O marco histórico-institucional cria o Sistema Nacional de Crédito Rural (SNCR) pela lei nº 4.829, de 5 de novembro de 1965, esta lei define quatro finalidades de crédito: custeio, investimento, comercialização e industrialização de produtos agropecuários (cooperativas ou produtor) (BRASIL, 1965).
Em 1966, o decreto-lei nº 79 reformula a Política de Garantia de Preços Mínimos (PGPM), instrumento de apoio à comercialização que integra, junto ao crédito rural e à gestão de risco, o tripé da política agrícola brasileira (BRASIL, 1966).

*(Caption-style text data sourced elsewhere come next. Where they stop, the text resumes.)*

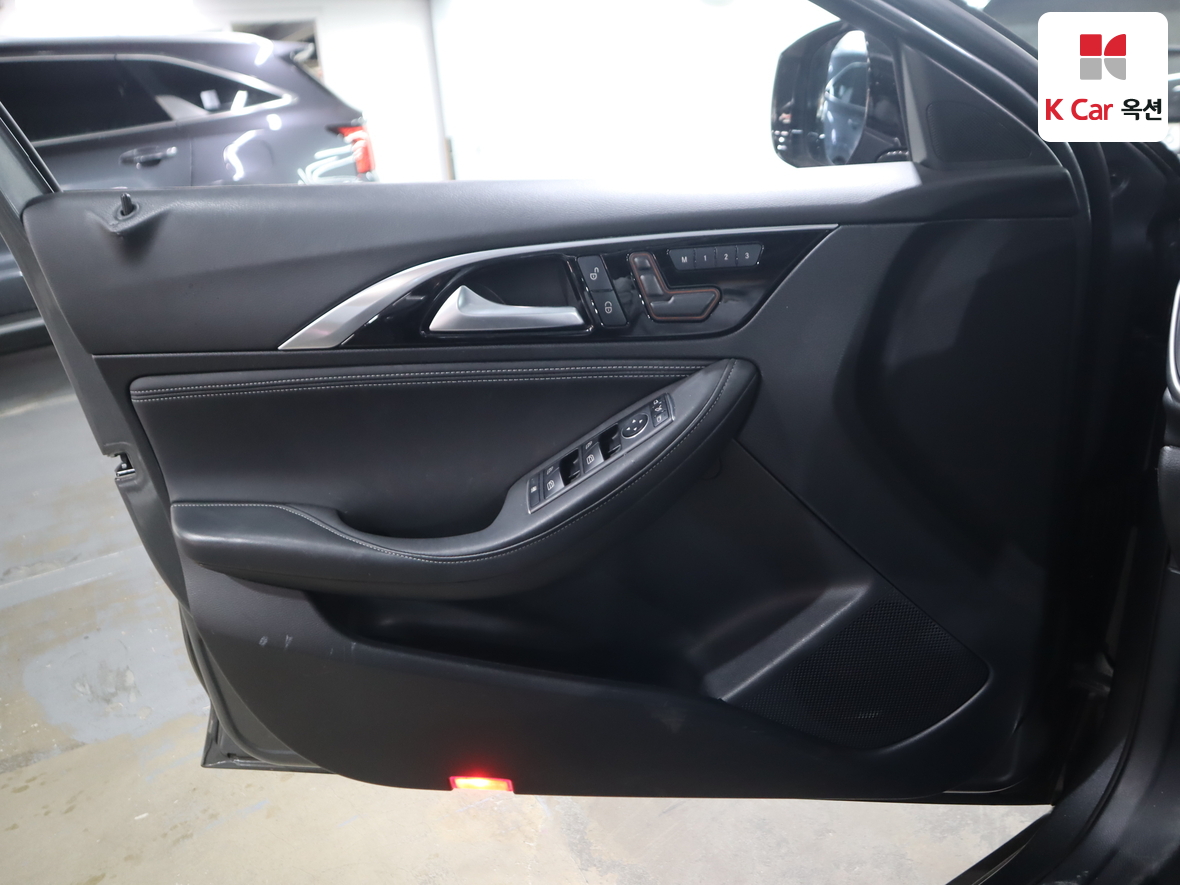 INFINITI Q30 - 8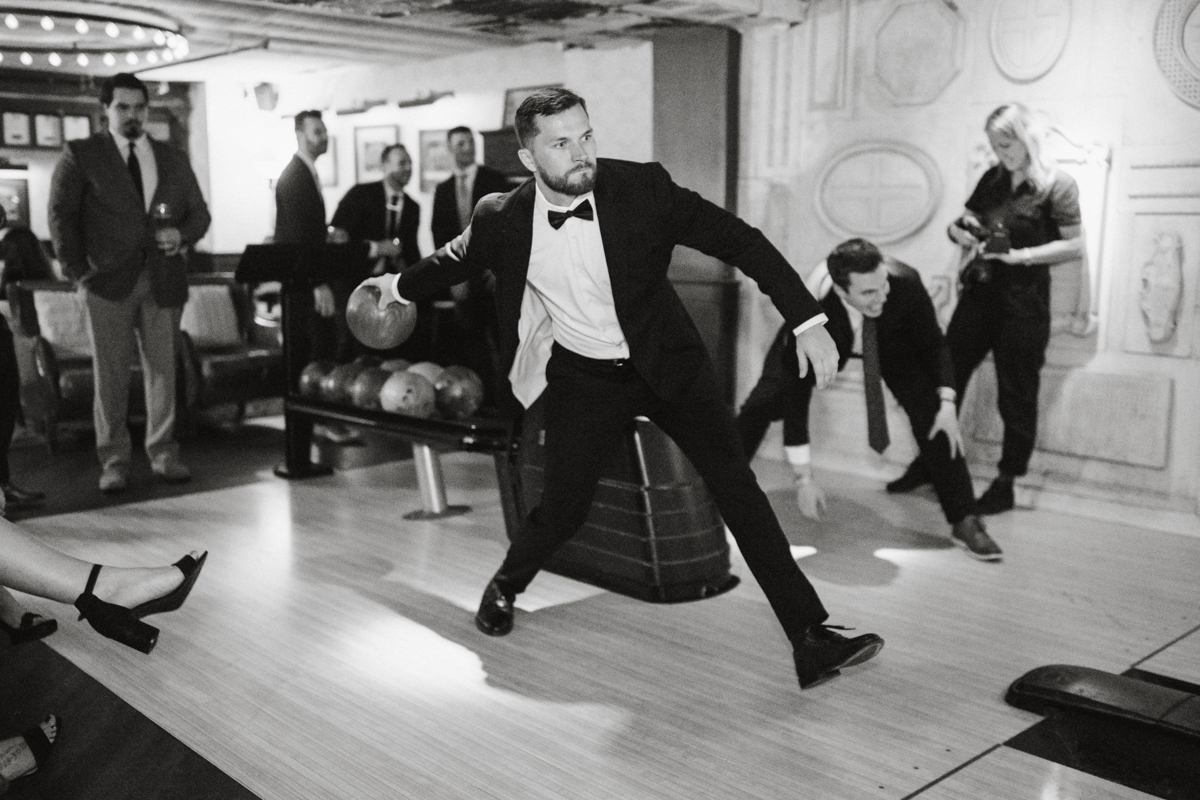 wedding party bowling at harp and crown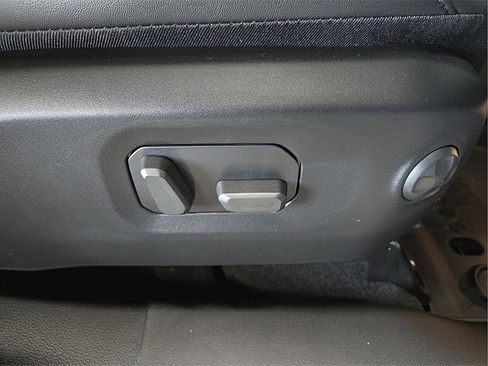 New 2026 Jeep Gladiator Rubicon w/ Steel Bumper Group image 12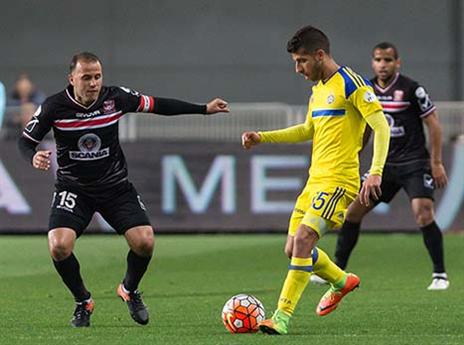 ישחק באמצע או בצד? מיכה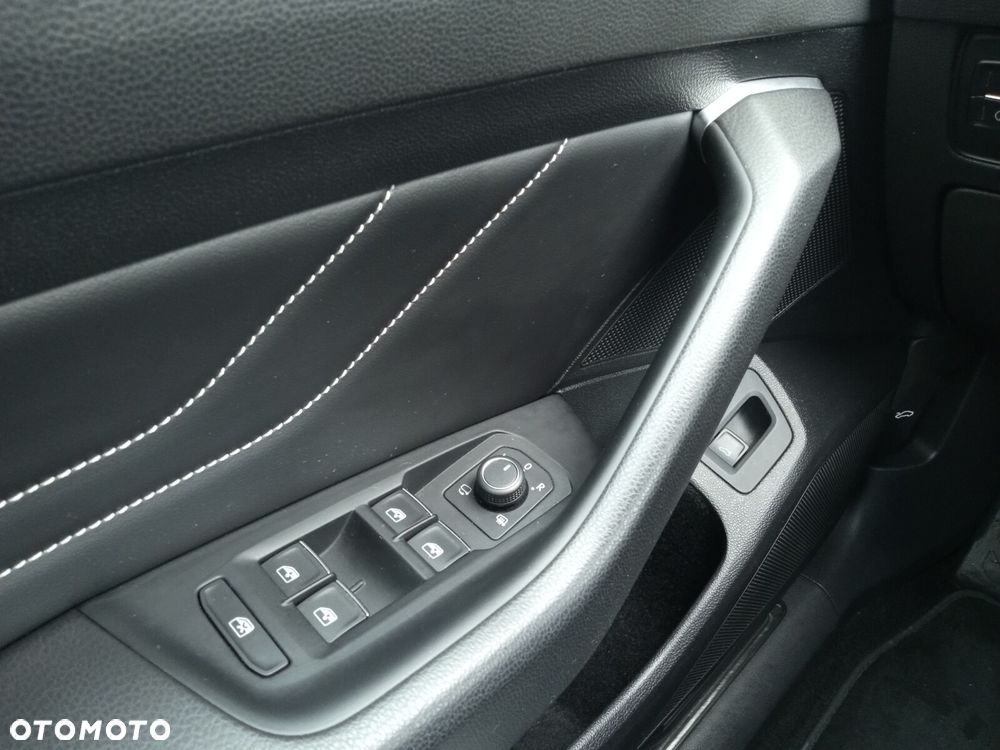 Volkswagen Passat 2.0 TDI BMT Comfortline DSG7 - 10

A Lei nº 8.171, de 17/01/1991 — Lei da Política Agrícola, consolida objetivos e instrumentos (crédito, preços mínimos, seguro, pesquisa e assistência técnica, entre outros). Periodização clássica da política agrícola brasileira (1931–2001), segundo Coelho (2001): "agricultura primitiva" (1931-1964) → "modernização da agricultura" (1965-1984, quando surgem Sistema Nacional de Crédito Rural e Política de Garantia de Preços Mínimos reformulada) → "transição da agricultura" (1985-1994) → "agricultura sustentável" (1995-2001) (BRASIL, 1991).

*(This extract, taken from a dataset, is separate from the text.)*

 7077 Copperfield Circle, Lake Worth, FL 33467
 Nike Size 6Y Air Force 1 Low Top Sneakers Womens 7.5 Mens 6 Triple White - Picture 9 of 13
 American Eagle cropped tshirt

Além das legislações existem vários programas de custeio, comercialização e investimento por porte de produtor e programas de investimento agropecuário, conforme demonstrado nas tabelas 01 e 02 abaixo.
Tabela 1. Programas de custeio, comercialização e investimento por porte de produtor
Programa | Público-alvo | Finalidade principal |
Pronaf – Programa Nacional de Fortalecimento da Agricultura Familiar | Agricultura familiar | Custeio e investimento em condições diferenciadas; no ciclo 2026/27, as taxas variam conforme a finalidade e a linha, incluindo 1% a.a. para sistemas agroecológicos/orgânicos e 2% a.a. para determinadas operações de produção de alimentos. |
Pronamp – Programa Nacional de Apoio ao Médio Produtor Rural | Médio produtor rural enquadrado nas condições vigentes do Pronamp | Custeio investimento a taxas intermediárias (9% a.a. no PS 2026/27) |
Demais produtores/cooperativas (agronegócio/agricultura empresarial) | Grandes produtores e cooperativas | Custeio, comercialização e investimento a taxas de mercado ou equalizadas |
Fonte: elaboração própria com base no Banco Central do Brasil, Manual de Crédito Rural (MCR).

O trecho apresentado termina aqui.